> The data
'''

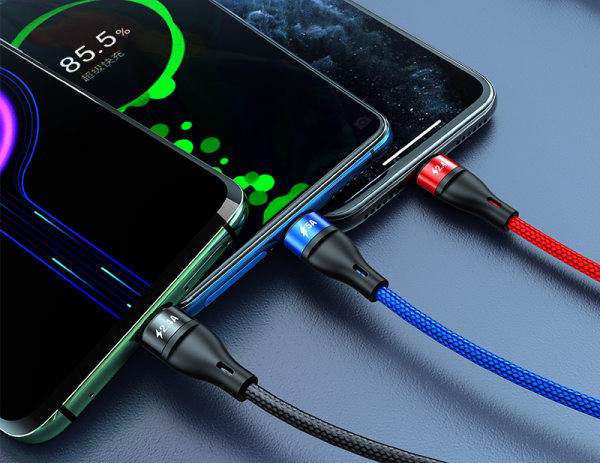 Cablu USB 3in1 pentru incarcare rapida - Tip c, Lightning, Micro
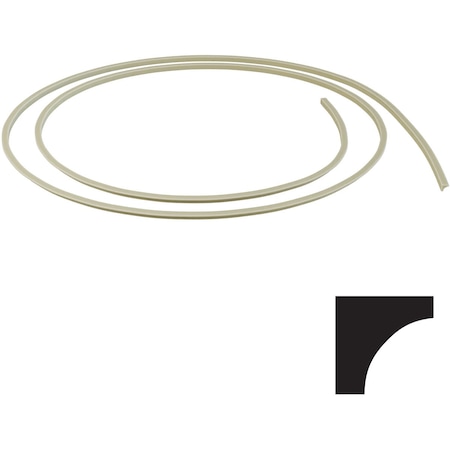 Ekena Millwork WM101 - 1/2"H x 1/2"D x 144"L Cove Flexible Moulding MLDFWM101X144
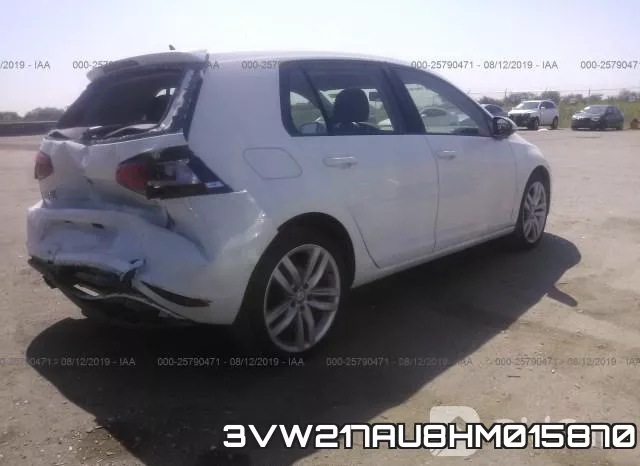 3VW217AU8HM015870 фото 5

'''

> Work request
I would like the material repeated in full and exactly, with its images omitted.

> Written answer
 Cablu USB 3in1 pentru incarcare rapida - Tip c, Lightning, Micro
 Ekena Millwork WM101 - 1/2"H x 1/2"D x 144"L Cove Flexible Moulding MLDFWM101X144
 3VW217AU8HM015870 фото 5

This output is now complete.